Getting Started With Twitter Analysis in R
Earlier today, I saw a post vis the aggregating R-Bloggers service a post on Using Text Mining to Find Out What @RDataMining Tweets are About. The post provides a walktrhough of how to grab tweets into an R session using the twitteR library, and then do some text mining on it.
I’ve been meaning to have a look at pulling Twitter bits into R for some time, so I couldn’t but have a quick play…
Starting from @RDataMiner’s lead, here’s what I did… (Notes: I use R in an R-Studio context. If you follow through the example and a library appears to be missing, from the Packages tab search for the missing library and import it, then try to reload the library in the script. The # denotes a commented out line.)
require(twitteR)
#The original example used the twitteR library to pull in a user stream
#rdmTweets <- userTimeline("psychemedia", n=100)
#Instead, I'm going to pull in a search around a hashtag.
rdmTweets <- searchTwitter('#mozfest', n=500)
# Note that the Twitter search API only goes back 1500 tweets (I think?)
#Create a dataframe based around the results
df <- do.call("rbind", lapply(rdmTweets, as.data.frame))
#Here are the columns
names(df)
#And some example content
head(df,3)
So what can we do out of the can? One thing is look to see who was tweeting most in the sample we collected:
counts=table(df$screenName) barplot(counts) # Let's do something hacky: # Limit the data set to show only folk who tweeted twice or more in the sample cc=subset(counts,counts>1) barplot(cc,las=2,cex.names =0.3)
Now let’s have a go at parsing some tweets, pulling out the names of folk who have been retweeted or who have had a tweet sent to them:
#Whilst tinkering, I came across some errors that seemed
# to be caused by unusual character sets
#Here's a hacky defence that seemed to work...
df$text=sapply(df$text,function(row) iconv(row,to='UTF-8'))
#A helper function to remove @ symbols from user names...
trim <- function (x) sub('@','',x)
#A couple of tweet parsing functions that add columns to the dataframe
#We'll be needing this, I think?
library(stringr)
#Pull out who a message is to
df$to=sapply(df$text,function(tweet) str_extract(tweet,"^(@[[:alnum:]_]*)"))
df$to=sapply(df$to,function(name) trim(name))
#And here's a way of grabbing who's been RT'd
df$rt=sapply(df$text,function(tweet) trim(str_match(tweet,"^RT (@[[:alnum:]_]*)")[2]))
So for example, now we can plot a chart showing how often a particular person was RT’d in our sample. Let’s use ggplot2 this time…
require(ggplot2) ggplot()+geom_bar(aes(x=na.omit(df$rt)))+opts(axis.text.x=theme_text(angle=-90,size=6))+xlab(NULL)

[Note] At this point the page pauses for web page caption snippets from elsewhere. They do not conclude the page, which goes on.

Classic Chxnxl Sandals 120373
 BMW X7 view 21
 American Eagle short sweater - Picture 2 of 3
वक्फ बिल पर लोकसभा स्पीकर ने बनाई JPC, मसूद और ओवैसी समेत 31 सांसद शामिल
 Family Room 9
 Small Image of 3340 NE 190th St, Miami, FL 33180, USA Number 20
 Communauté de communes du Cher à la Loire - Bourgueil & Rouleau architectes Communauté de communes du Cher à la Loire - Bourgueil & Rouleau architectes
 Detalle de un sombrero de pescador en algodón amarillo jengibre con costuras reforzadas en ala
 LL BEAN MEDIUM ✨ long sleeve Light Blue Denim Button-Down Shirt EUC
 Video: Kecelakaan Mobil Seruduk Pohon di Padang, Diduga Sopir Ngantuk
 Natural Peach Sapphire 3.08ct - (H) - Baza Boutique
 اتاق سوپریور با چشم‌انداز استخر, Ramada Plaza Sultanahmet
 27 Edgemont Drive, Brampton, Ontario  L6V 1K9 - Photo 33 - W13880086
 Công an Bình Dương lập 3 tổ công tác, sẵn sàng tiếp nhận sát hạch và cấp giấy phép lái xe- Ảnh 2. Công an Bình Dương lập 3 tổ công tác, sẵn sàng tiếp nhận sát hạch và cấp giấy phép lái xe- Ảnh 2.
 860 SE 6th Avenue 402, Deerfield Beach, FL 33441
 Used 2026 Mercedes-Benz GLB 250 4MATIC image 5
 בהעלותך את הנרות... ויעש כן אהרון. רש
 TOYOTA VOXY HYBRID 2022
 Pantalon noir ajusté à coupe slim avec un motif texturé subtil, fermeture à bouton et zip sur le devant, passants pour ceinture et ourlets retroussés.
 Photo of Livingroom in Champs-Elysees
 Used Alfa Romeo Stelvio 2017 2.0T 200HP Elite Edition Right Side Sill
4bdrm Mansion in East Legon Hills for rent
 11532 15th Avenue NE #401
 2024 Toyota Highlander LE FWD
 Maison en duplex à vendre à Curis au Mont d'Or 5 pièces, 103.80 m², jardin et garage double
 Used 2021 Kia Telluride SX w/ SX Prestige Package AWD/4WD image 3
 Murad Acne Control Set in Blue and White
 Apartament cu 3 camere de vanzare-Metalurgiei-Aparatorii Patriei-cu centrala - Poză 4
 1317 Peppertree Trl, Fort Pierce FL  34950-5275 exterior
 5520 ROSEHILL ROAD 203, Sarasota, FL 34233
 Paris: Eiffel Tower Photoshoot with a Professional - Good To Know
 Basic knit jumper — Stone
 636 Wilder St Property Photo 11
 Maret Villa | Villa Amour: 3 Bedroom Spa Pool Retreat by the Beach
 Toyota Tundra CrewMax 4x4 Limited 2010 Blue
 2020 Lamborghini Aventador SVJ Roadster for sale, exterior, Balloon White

Okay – enough for now… if you’re tempted to have a play yourself, please post any other avenues you explored with in a comment, or in your own post with a link in my comments;-)



[...] Getting Started With Twitter Analysis in R Earlier today, I saw a post vis the aggregating R-Bloggers service a post on Using Text Mining to Find Out What @RDataMining Tweets are About. The post provides a walktrhough of how to grab tweets … Source: blog.ouseful.info [...]
Getting Started With Twitter Analysis in R | Statistics with R | Scoop.it
November 10, 2011 at 10:05 am
Hi Tony,
do you know the CRAN task view for NLP: http://cran.r-project.org/web/views/NaturalLanguageProcessing.html ?
I am sure you will find an inspiring collection of R packages to conduct more content analysis. My tip: look at the tm architecture and do something like topic maps or lsa on top of it to cluster keywords or utterances or persons — very interesting.
Best,
Fridolin
Fridolin Wild
November 10, 2011 at 12:01 pm
Hi Fridolin – thanks for the tip; duly added to my to do list;-)
Tony Hirst
November 10, 2011 at 1:04 pm
[...] #Data_Science – Quick Start in Tweet analysis using R [...]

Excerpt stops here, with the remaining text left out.